Oisín s’était réveillé sans faire attention au jour. À la date, plus précisément : s’il a conscience d’être un lundi, il n’a pas encore eu cours et donc l’occasion de percuter en inscrivant la date dans le coin supérieur d’une page de notes. Alors qu’il déambule dans les couloirs juste après avoir avalé son premier repas de la journée, ce jour n’est que le premier de la semaine. Quand il voit des affiches accrochées avec régularité sur les murs de quelques couloirs, il s’arrête. Il existe des panneaux d’affichage : ce sont des accrochages sauvages. L’adolescent se pose devant l’une d’entre elles. Le vingt-sept février. Comment a-t-il pu oublier ? Il n’a pas grandi dans le monde sorcier, mais se renseigne et retient précieusement les informations qu’il collecte par ses recherches pour les cours. Le souvenir du goût de la colère suscitée en apprenant l’histoire de Godric’s Hollow est ravivé avec intensité. La force de ces slogans, c’est qu’ils épousent à la perfection ses propres idées. Ce pourrait être, mot pour mot, la retranscription de ses pensées si on lui demandait son avis sur la capitale sorcière. Cette violence, il n’a jamais connu autre chose. Depuis l’instant où il a appris être sorcier, pour l’arracher à ses parents dès le passage au Chemin de Traverse pour les fournitures scolaires. Pour l’arracher à sa baguette aussitôt rencontrée.

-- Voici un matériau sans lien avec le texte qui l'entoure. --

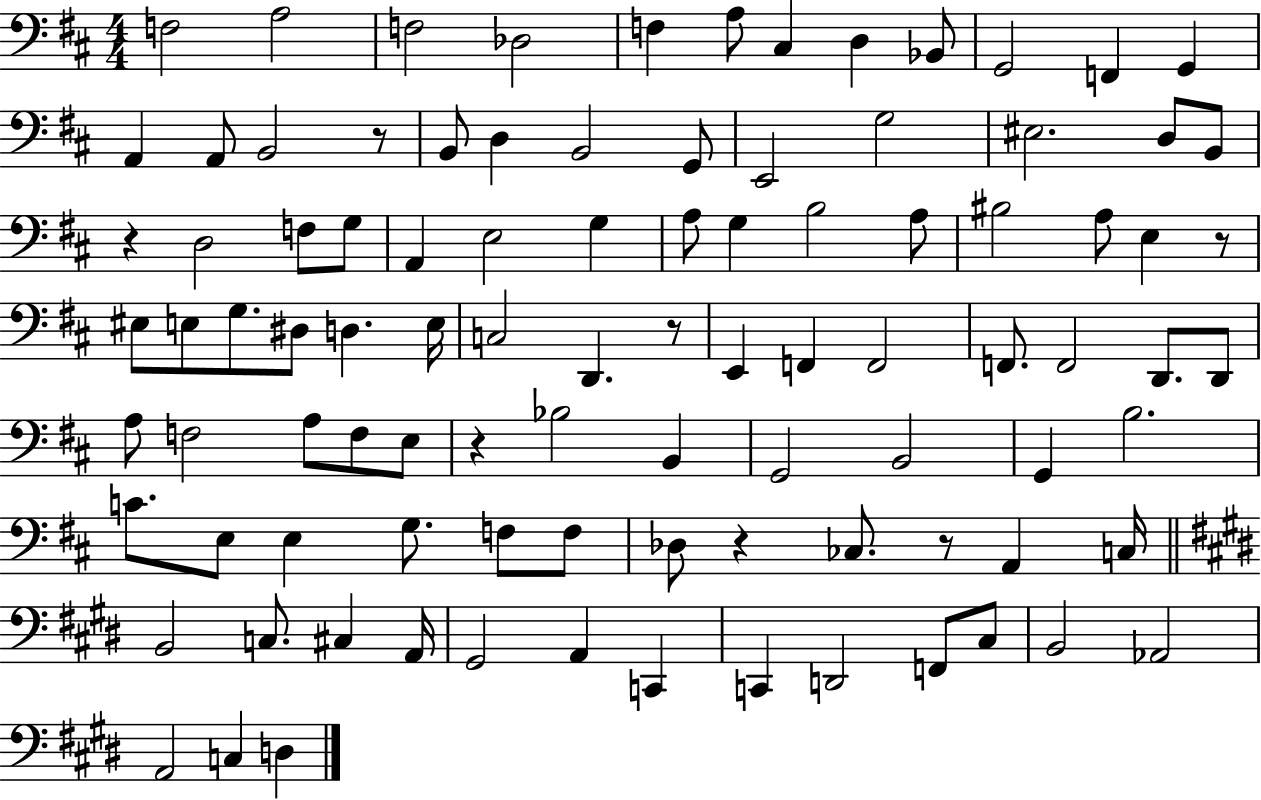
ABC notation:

X:1
T:Untitled
M:4/4
L:1/4
K:D
F,2 A,2 F,2 _D,2 F, A,/2 ^C, D, _B,,/2 G,,2 F,, G,, A,, A,,/2 B,,2 z/2 B,,/2 D, B,,2 G,,/2 E,,2 G,2 ^E,2 D,/2 B,,/2 z D,2 F,/2 G,/2 A,, E,2 G, A,/2 G, B,2 A,/2 ^B,2 A,/2 E, z/2 ^E,/2 E,/2 G,/2 ^D,/2 D, E,/4 C,2 D,, z/2 E,, F,, F,,2 F,,/2 F,,2 D,,/2 D,,/2 A,/2 F,2 A,/2 F,/2 E,/2 z _B,2 B,, G,,2 B,,2 G,, B,2 C/2 E,/2 E, G,/2 F,/2 F,/2 _D,/2 z _C,/2 z/2 A,, C,/4 B,,2 C,/2 ^C, A,,/4 ^G,,2 A,, C,, C,, D,,2 F,,/2 ^C,/2 B,,2 _A,,2 A,,2 C, D,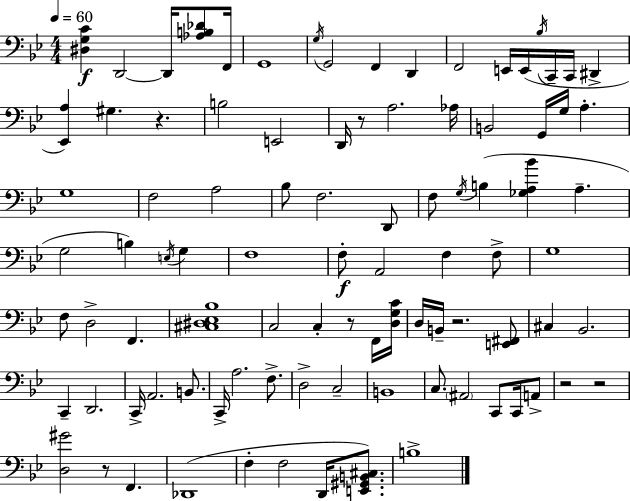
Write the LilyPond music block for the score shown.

{
  \clef bass
  \numericTimeSignature
  \time 4/4
  \key bes \major
  \tempo 4 = 60
  <dis g c'>4\f d,2~~ d,16 <aes b des'>8 f,16 | g,1 | \acciaccatura { g16 } g,2 f,4 d,4 | f,2 e,16 e,16( \acciaccatura { bes16 } c,16-- c,16 dis,4-> | \break <ees, a>4) gis4. r4. | b2 e,2 | d,16 r8 a2. | aes16 b,2 g,16 g16 a4.-. | \break g1 | f2 a2 | bes8 f2. | d,8 f8 \acciaccatura { g16 } b4( <ges a bes'>4 a4.-- | \break g2 b4) \acciaccatura { e16 } | g4 f1 | f8-.\f a,2 f4 | f8-> g1 | \break f8 d2-> f,4. | <cis dis ees bes>1 | c2 c4-. | r8 f,16 <d g c'>16 d16 b,16-- r2. | \break <e, fis,>8 cis4 bes,2. | c,4-- d,2. | c,16-> a,2. | b,8. c,16-> a2. | \break f8.-> d2-> c2-- | b,1 | c8. \parenthesize ais,2 c,8 | c,16 a,8-> r2 r2 | \break <d gis'>2 r8 f,4. | des,1( | f4-. f2 | d,16 <e, gis, b, cis>8.) b1-> | \break \bar "|."
}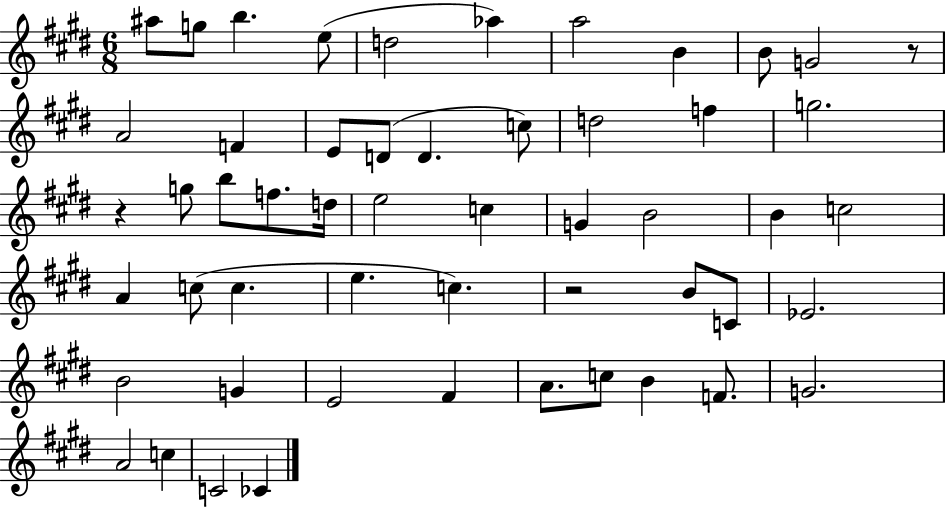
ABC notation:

X:1
T:Untitled
M:6/8
L:1/4
K:E
^a/2 g/2 b e/2 d2 _a a2 B B/2 G2 z/2 A2 F E/2 D/2 D c/2 d2 f g2 z g/2 b/2 f/2 d/4 e2 c G B2 B c2 A c/2 c e c z2 B/2 C/2 _E2 B2 G E2 ^F A/2 c/2 B F/2 G2 A2 c C2 _C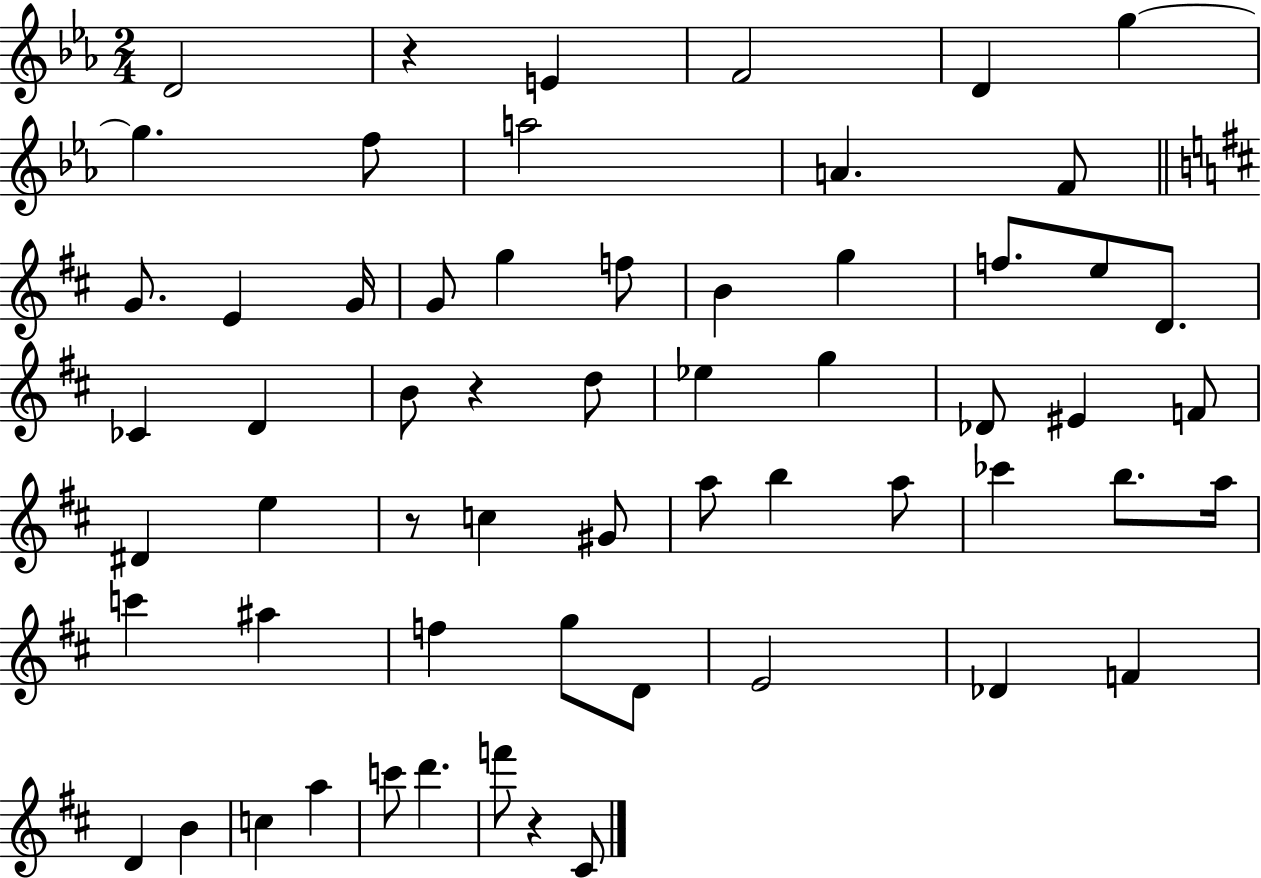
{
  \clef treble
  \numericTimeSignature
  \time 2/4
  \key ees \major
  d'2 | r4 e'4 | f'2 | d'4 g''4~~ | \break g''4. f''8 | a''2 | a'4. f'8 | \bar "||" \break \key b \minor g'8. e'4 g'16 | g'8 g''4 f''8 | b'4 g''4 | f''8. e''8 d'8. | \break ces'4 d'4 | b'8 r4 d''8 | ees''4 g''4 | des'8 eis'4 f'8 | \break dis'4 e''4 | r8 c''4 gis'8 | a''8 b''4 a''8 | ces'''4 b''8. a''16 | \break c'''4 ais''4 | f''4 g''8 d'8 | e'2 | des'4 f'4 | \break d'4 b'4 | c''4 a''4 | c'''8 d'''4. | f'''8 r4 cis'8 | \break \bar "|."
}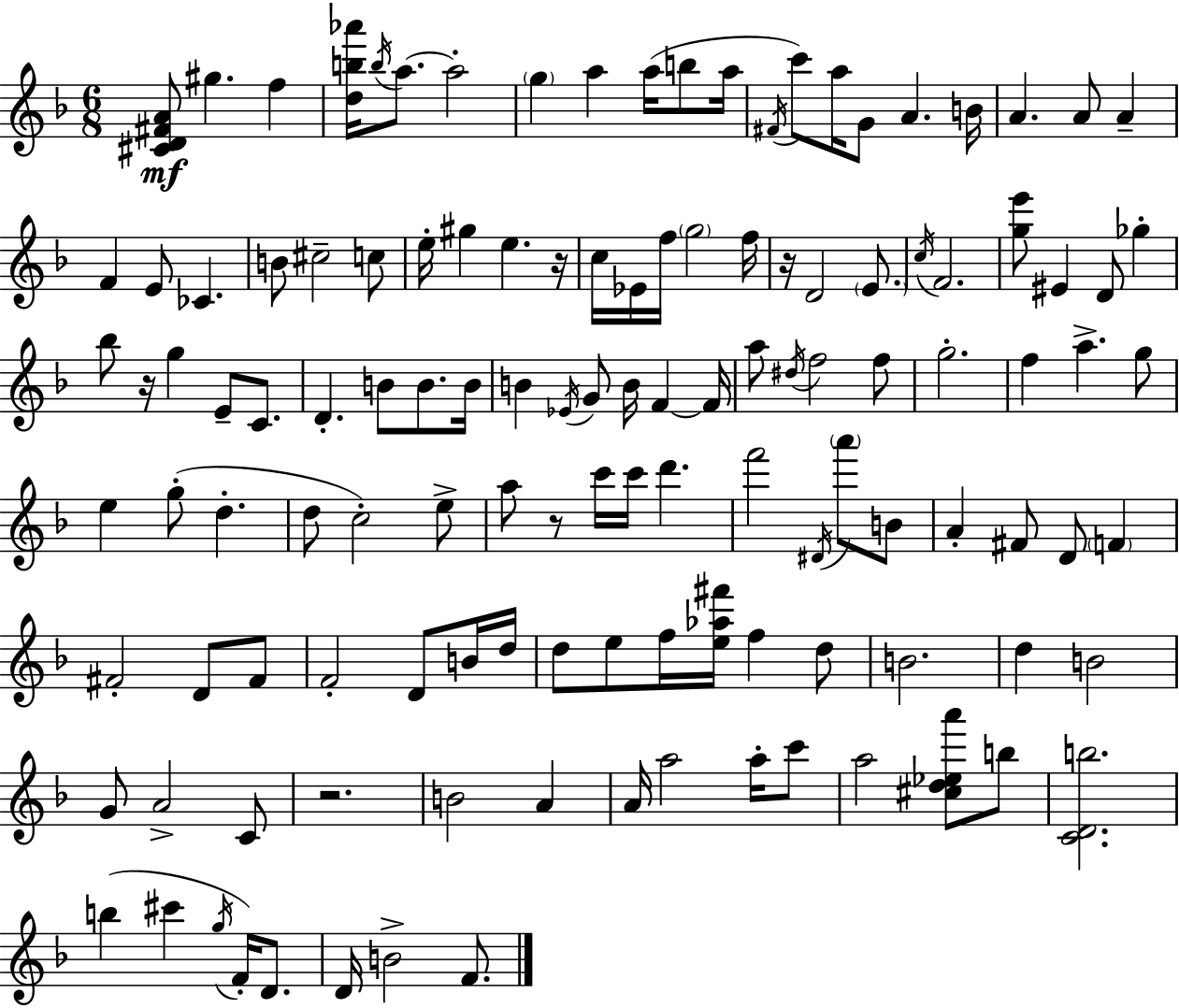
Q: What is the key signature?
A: D minor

Il est pleinement aligné avec le propos : cette ville était un symbole puissant, la preuve que sorciers et moldus pouvaient vivre ensemble en paix depuis plus d’un millénaire, la preuve que les deux communautés sont capables de tolérance quand la stratégie politique n’est pas de nourrir la division. Quelque chose de fragile et sublime, détruit par une idéologie abjecte.

Alors il n’est pas seul. Une personne, ou plusieurs dans le château osent l’exprimer. À la fois, penser à la violence que représente la capitale le fait bouillir, à la fois découvrir des phrases produisant un écho aussi juste en lui réveille un espoir précieux. Un accord, le tintement clair d’une cloche qui répond à la sienne. Son caractère n’a jamais été celui d’un enfant qui se laisse abattre. Il aime trouver la raison de sourire sous la pluie discordieuse. C’en est une. Ses doigts parcourent et tâtonnent sur quelques affiches, recherchent une faiblesse dans le sortilège de glu, réputé plus faible sur la pierre, jusqu’à parvenir à en obtenir une. Oisín lit et relit, en boucle. Jusqu’à ce que les mots deviennent flous. Ému, une larme tombe, il l’essuie sur sa cape. Si elles disparaissent, il tient à en garder une trace. Il doute pouvoir retrouver son auteur, son autrice ? S’il y parvenait, alors ce serait un jeu d’enfant pour les adultes. Son anonymat, peut-être faut-il le respecter. À moins que… se trouverait-il en l’examinant un moyen de contact dissimulé, une stratégie de ralliement ? Même si ce n’est qu’une affiche, elle illumine sa journée, lui donne l’énergie d’encaisser la violence des réjouissances qui seront exprimées aujourd’hui par les mages célébrant cette refondation.

4A 𝄩 PR

28 févr. 2026, 11:52
 Libre  Petites affiches 2.0
J'erre dans les couloirs en attendant que ce soit l'heure d'aller en cours. Comme d'habitude, je m'étais réveillée en avance, j'avais tout fait trop vite, et j'étais largement en avance. Alors que je passe dans un couloir, des affiches attirent mon attention. Quelques élèves passent devant, certains souriant, d'autres sans aucune réaction. La curiosité me pique. De loin, elles ont l'air d'avoir été faites par un ou une élève. Je m'approche, un fois qu'il n'y a plus personne.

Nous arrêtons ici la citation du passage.